5.4 Estimator Property: Biased or Unbiased?

  1. First, for a general case: Suppose that you have chosen some particular estimator, \(\hat{\theta}\) to estimate some characteristic, \(\theta\) of a random variable. How do you know if this estimator is unbiased?
  2. Second, for a specific case: Define the “sample average” to be the following: \(\frac{1}{n}\sum_{i=1}^{N} x_{i}\). Prove that this sample average estimator is an unbiased estimator of \(E[X]\).
  3. Third (easier), for a different specific case: Define the “smample smaverage” to be the following \(\frac{1}{n^2}\sum_{i=1}^{N} x_{i}\). Prove that the smample smaverage is a biased estimator of \(E[X]\).
  4. Fourth (harder): Define the geometric mean to be \[\left(\prod_{i=1}^{N}x_{i}\right)^{\frac{1}{N}}\]. Prove that the geometric mean is a biased estimator of \(E[X]\).

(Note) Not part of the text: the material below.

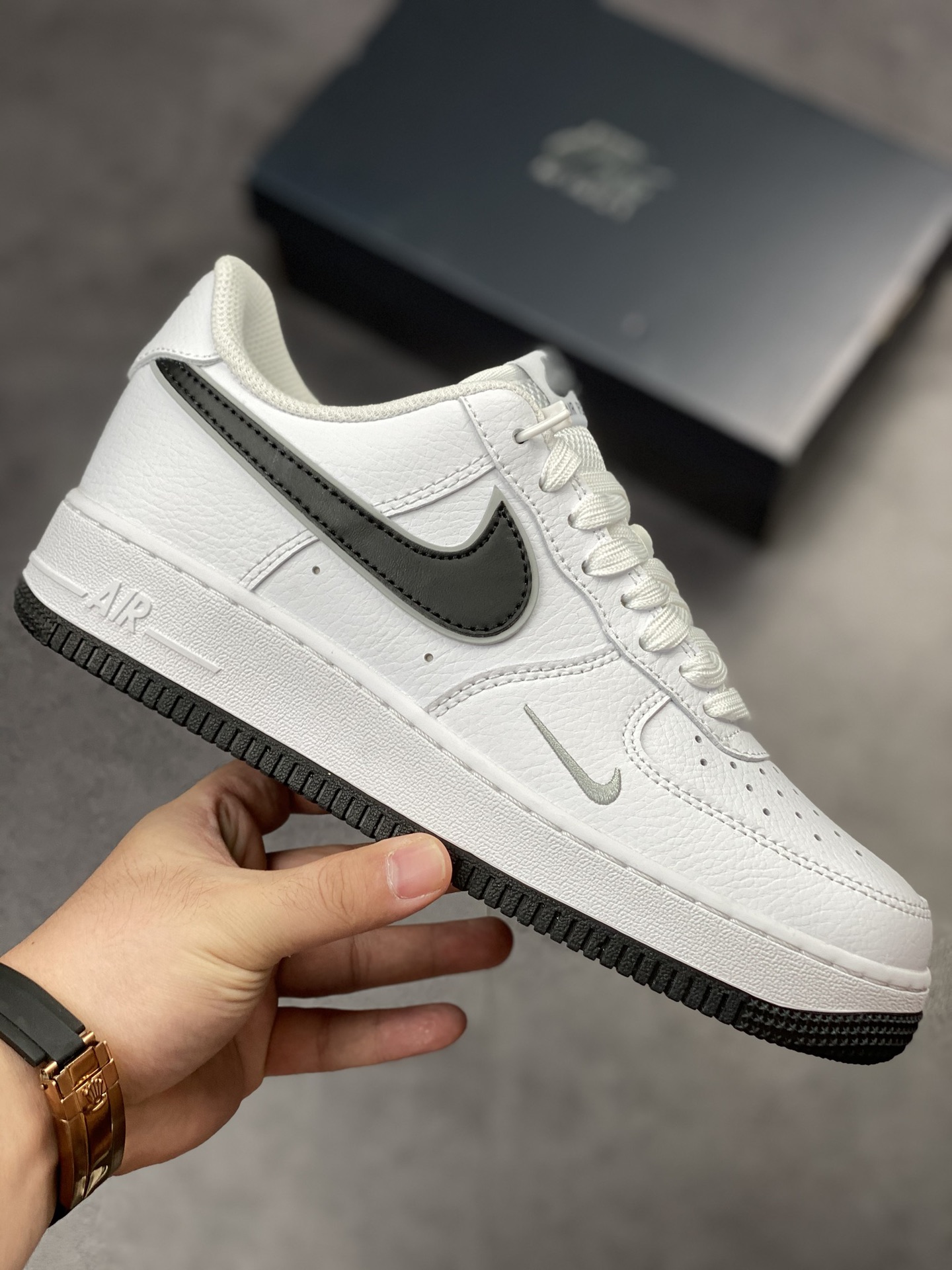 200 Nike Air Force 1 Low 07 白黑迷你勾 DX9269-100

5.4.1 Is it unbiased, with data?

Suppose that you’re getting data from the following process:

Code
random_distribution <- function(number_samples) { 
  
  d1 <- c(1.0, 2.0)
  d2 <- c(1.1, 2.1)
  d3 <- c(1.5, 2.5)

  distribution_chooser = sample(x=1:3, size=1)
  
  if(distribution_chooser == 1) { 
    x_ <- runif(n=number_samples, min=d1[1], max=d1[2])  
  } else if(distribution_chooser == 2) { 
    x_ <- runif(n=number_samples, min=d2[1], max=d2[2]) 
  } else if(distribution_chooser == 3) { 
    x_ <- runif(n=number_samples, min=d3[1], max=d3[2])
  }
  return(x_)
}

random_distribution(number_samples=10)
##  [1] 2.467197 2.366916 1.937715 1.691938 1.582294 2.083452 1.570361 2.027663
##  [9] 1.972288 1.548191
Code
mean(random_distribution(number_samples=10000))
## [1] 1.501582

Notice that, there are two forms of inherent uncertainty in this function:

  1. There is uncertainty about the distribution that we are getting draws from; and,
  2. Within a distribution, we’re getting draws at random from a population distribution.

This class of function, the r* functions, are the implementation of random generative processes within the R language. Look into ?distributions as a class to see more about this process.

Suppose that you chose to use the same sample average estimator as a means of producing an estimate of the population expected value, \(E[X]\). Suppose that you get the following draws:

Code
draws <- random_distribution(number_samples=10)
draws
##  [1] 1.946123 1.913084 1.711113 1.768129 1.573630 1.916366 1.149307 1.556135
##  [9] 1.358160 1.889717
Code
mean(draws)
## [1] 1.678176

Is this sample average an unbiased estimator for the population expected value? How do you know?